**Data for the task**

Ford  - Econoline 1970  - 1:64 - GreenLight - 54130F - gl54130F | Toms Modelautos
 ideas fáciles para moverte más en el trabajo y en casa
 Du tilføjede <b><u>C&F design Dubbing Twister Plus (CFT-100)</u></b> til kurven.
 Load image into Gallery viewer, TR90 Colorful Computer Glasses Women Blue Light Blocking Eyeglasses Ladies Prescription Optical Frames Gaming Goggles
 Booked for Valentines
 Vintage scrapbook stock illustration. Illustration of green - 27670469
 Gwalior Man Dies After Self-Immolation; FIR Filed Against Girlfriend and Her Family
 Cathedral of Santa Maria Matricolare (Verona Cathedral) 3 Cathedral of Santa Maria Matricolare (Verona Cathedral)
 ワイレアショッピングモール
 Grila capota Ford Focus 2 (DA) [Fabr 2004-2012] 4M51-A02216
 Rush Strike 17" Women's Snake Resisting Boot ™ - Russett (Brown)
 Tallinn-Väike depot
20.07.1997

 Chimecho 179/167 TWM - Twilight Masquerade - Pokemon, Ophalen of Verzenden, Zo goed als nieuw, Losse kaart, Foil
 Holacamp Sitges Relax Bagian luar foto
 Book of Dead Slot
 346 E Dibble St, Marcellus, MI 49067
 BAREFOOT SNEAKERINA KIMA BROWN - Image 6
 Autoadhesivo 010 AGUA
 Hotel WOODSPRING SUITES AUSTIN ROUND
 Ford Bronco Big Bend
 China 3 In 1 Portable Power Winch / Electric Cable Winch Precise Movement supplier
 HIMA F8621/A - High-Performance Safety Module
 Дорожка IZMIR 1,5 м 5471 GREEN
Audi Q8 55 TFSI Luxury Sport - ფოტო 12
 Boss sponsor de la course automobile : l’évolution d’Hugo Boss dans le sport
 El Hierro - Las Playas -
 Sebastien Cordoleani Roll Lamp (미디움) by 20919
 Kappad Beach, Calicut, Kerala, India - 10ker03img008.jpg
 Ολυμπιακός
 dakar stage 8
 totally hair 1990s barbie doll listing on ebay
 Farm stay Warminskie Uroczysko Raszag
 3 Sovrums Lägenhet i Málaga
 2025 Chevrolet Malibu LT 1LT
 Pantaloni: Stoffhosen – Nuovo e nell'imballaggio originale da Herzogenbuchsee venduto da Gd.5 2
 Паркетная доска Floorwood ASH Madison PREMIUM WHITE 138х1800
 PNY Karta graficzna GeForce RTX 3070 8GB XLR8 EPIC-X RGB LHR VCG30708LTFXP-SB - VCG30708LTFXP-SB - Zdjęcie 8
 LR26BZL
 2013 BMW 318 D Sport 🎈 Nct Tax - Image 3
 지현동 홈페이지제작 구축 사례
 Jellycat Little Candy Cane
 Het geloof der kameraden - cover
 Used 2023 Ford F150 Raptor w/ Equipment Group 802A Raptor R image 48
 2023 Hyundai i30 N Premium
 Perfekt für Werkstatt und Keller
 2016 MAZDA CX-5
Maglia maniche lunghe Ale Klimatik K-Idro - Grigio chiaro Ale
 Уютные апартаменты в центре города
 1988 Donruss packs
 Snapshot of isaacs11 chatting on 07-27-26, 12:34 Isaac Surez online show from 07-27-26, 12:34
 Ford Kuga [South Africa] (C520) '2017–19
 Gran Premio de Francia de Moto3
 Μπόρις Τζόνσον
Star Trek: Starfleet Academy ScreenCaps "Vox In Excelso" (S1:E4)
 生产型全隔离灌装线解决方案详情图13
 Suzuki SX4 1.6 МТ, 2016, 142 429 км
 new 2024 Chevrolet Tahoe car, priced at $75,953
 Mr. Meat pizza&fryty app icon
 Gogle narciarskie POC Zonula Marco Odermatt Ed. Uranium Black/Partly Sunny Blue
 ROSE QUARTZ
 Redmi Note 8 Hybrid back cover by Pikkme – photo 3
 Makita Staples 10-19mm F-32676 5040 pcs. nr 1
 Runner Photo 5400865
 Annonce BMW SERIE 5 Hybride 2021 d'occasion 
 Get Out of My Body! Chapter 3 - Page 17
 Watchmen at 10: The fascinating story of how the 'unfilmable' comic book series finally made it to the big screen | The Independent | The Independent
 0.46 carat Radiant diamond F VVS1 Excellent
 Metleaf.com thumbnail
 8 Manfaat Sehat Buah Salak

**Problem details**
Give the complete listing again, exactly as it appears above.

**Output of the task**
Ford  - Econoline 1970  - 1:64 - GreenLight - 54130F - gl54130F | Toms Modelautos
 ideas fáciles para moverte más en el trabajo y en casa
 Du tilføjede <b><u>C&F design Dubbing Twister Plus (CFT-100)</u></b> til kurven.
 Load image into Gallery viewer, TR90 Colorful Computer Glasses Women Blue Light Blocking Eyeglasses Ladies Prescription Optical Frames Gaming Goggles
 Booked for Valentines
 Vintage scrapbook stock illustration. Illustration of green - 27670469
 Gwalior Man Dies After Self-Immolation; FIR Filed Against Girlfriend and Her Family
 Cathedral of Santa Maria Matricolare (Verona Cathedral) 3 Cathedral of Santa Maria Matricolare (Verona Cathedral)
 ワイレアショッピングモール
 Grila capota Ford Focus 2 (DA) [Fabr 2004-2012] 4M51-A02216
 Rush Strike 17" Women's Snake Resisting Boot ™ - Russett (Brown)
 Tallinn-Väike depot
20.07.1997

 Chimecho 179/167 TWM - Twilight Masquerade - Pokemon, Ophalen of Verzenden, Zo goed als nieuw, Losse kaart, Foil
 Holacamp Sitges Relax Bagian luar foto
 Book of Dead Slot
 346 E Dibble St, Marcellus, MI 49067
 BAREFOOT SNEAKERINA KIMA BROWN - Image 6
 Autoadhesivo 010 AGUA
 Hotel WOODSPRING SUITES AUSTIN ROUND
 Ford Bronco Big Bend
 China 3 In 1 Portable Power Winch / Electric Cable Winch Precise Movement supplier
 HIMA F8621/A - High-Performance Safety Module
 Дорожка IZMIR 1,5 м 5471 GREEN
Audi Q8 55 TFSI Luxury Sport - ფოტო 12
 Boss sponsor de la course automobile : l’évolution d’Hugo Boss dans le sport
 El Hierro - Las Playas -
 Sebastien Cordoleani Roll Lamp (미디움) by 20919
 Kappad Beach, Calicut, Kerala, India - 10ker03img008.jpg
 Ολυμπιακός
 dakar stage 8
 totally hair 1990s barbie doll listing on ebay
 Farm stay Warminskie Uroczysko Raszag
 3 Sovrums Lägenhet i Málaga
 2025 Chevrolet Malibu LT 1LT
 Pantaloni: Stoffhosen – Nuovo e nell'imballaggio originale da Herzogenbuchsee venduto da Gd.5 2
 Паркетная доска Floorwood ASH Madison PREMIUM WHITE 138х1800
 PNY Karta graficzna GeForce RTX 3070 8GB XLR8 EPIC-X RGB LHR VCG30708LTFXP-SB - VCG30708LTFXP-SB - Zdjęcie 8
 LR26BZL
 2013 BMW 318 D Sport 🎈 Nct Tax - Image 3
 지현동 홈페이지제작 구축 사례
 Jellycat Little Candy Cane
 Het geloof der kameraden - cover
 Used 2023 Ford F150 Raptor w/ Equipment Group 802A Raptor R image 48
 2023 Hyundai i30 N Premium
 Perfekt für Werkstatt und Keller
 2016 MAZDA CX-5
Maglia maniche lunghe Ale Klimatik K-Idro - Grigio chiaro Ale
 Уютные апартаменты в центре города
 1988 Donruss packs
 Snapshot of isaacs11 chatting on 07-27-26, 12:34 Isaac Surez online show from 07-27-26, 12:34
 Ford Kuga [South Africa] (C520) '2017–19
 Gran Premio de Francia de Moto3
 Μπόρις Τζόνσον
Star Trek: Starfleet Academy ScreenCaps "Vox In Excelso" (S1:E4)
 生产型全隔离灌装线解决方案详情图13
 Suzuki SX4 1.6 МТ, 2016, 142 429 км
 new 2024 Chevrolet Tahoe car, priced at $75,953
 Mr. Meat pizza&fryty app icon
 Gogle narciarskie POC Zonula Marco Odermatt Ed. Uranium Black/Partly Sunny Blue
 ROSE QUARTZ
 Redmi Note 8 Hybrid back cover by Pikkme – photo 3
 Makita Staples 10-19mm F-32676 5040 pcs. nr 1
 Runner Photo 5400865
 Annonce BMW SERIE 5 Hybride 2021 d'occasion 
 Get Out of My Body! Chapter 3 - Page 17
 Watchmen at 10: The fascinating story of how the 'unfilmable' comic book series finally made it to the big screen | The Independent | The Independent
 0.46 carat Radiant diamond F VVS1 Excellent
 Metleaf.com thumbnail
 8 Manfaat Sehat Buah Salak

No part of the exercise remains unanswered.